Print each entry word for word without images.

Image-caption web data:
Content starts
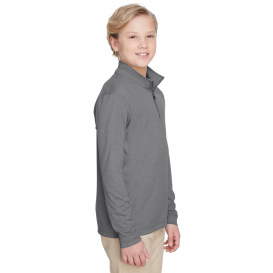 Team 365 TT31HY Youth Zone Sonic Heather Performance Quarter-Zip - Dark Grey Heather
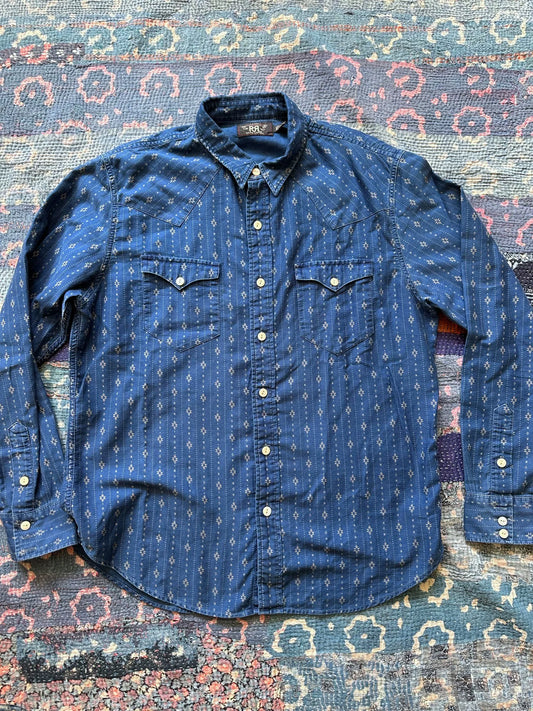 rrl southwestern blue dyed striped shirt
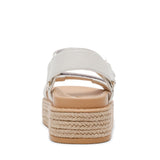 BIGMONA WHITE LEATHER RAFFIA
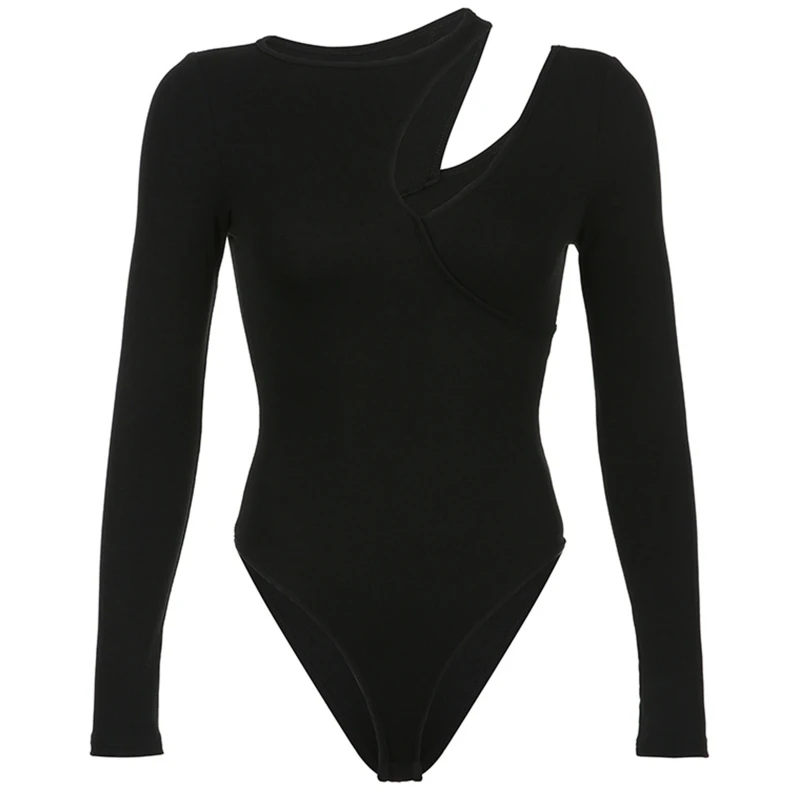 

Women Thong Leotard Long Sleeve Cut Out Front Plain Bodycon Bodysuit Jumpsuits P8DB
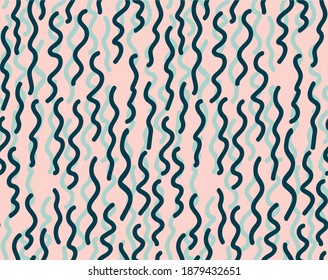 Beautiful vector pattern with hand drawn wavy and curved lines. Geometric abstract seamless digital background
Content ends
Answer to the exercise:
 Team 365 TT31HY Youth Zone Sonic Heather Performance Quarter-Zip - Dark Grey Heather
 rrl southwestern blue dyed striped shirt
 BIGMONA WHITE LEATHER RAFFIA

Women Thong Leotard Long Sleeve Cut Out Front Plain Bodycon Bodysuit Jumpsuits P8DB
 Beautiful vector pattern with hand drawn wavy and curved lines. Geometric abstract seamless digital background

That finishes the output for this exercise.